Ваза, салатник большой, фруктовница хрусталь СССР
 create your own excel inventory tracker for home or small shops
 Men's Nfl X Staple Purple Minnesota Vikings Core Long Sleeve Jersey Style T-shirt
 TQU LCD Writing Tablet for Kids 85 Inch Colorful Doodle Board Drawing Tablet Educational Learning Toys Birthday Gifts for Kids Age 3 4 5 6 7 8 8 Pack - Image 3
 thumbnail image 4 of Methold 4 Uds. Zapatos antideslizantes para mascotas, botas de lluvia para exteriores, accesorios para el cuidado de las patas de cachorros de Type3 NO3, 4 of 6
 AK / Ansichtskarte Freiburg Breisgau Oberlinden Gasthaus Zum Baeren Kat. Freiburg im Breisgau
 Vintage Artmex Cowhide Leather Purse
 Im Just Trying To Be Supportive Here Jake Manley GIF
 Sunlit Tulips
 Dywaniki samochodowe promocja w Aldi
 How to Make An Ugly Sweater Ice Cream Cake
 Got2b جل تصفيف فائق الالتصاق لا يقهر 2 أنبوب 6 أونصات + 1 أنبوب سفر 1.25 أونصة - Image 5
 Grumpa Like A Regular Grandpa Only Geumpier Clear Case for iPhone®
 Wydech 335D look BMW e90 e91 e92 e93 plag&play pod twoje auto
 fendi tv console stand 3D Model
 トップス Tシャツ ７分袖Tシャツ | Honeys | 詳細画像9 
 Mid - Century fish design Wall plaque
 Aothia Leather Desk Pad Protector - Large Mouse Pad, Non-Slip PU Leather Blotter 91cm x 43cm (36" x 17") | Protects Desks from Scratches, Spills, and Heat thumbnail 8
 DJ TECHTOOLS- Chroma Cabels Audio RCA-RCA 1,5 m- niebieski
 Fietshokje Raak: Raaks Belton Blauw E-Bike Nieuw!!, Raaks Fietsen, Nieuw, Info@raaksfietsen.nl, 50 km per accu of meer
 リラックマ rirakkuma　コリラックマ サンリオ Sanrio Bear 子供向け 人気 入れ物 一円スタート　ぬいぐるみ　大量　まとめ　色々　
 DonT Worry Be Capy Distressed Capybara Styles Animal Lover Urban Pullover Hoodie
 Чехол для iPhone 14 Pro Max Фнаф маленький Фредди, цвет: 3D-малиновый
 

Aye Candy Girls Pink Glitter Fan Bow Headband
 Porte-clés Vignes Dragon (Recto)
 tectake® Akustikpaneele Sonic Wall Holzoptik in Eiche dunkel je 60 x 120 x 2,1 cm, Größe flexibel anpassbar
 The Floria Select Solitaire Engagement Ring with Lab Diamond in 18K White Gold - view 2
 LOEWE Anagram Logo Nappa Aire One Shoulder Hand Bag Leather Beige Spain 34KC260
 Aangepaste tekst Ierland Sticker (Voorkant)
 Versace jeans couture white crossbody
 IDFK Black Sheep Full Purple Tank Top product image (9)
========
Reproduce exactly the stretch of the material above that starts at the line with "Чехол для iPhone" and ends at the line with "The Floria Select", both included, and nothing else.

 Чехол для iPhone 14 Pro Max Фнаф маленький Фредди, цвет: 3D-малиновый
 

Aye Candy Girls Pink Glitter Fan Bow Headband
 Porte-clés Vignes Dragon (Recto)
 tectake® Akustikpaneele Sonic Wall Holzoptik in Eiche dunkel je 60 x 120 x 2,1 cm, Größe flexibel anpassbar
 The Floria Select Solitaire Engagement Ring with Lab Diamond in 18K White Gold - view 2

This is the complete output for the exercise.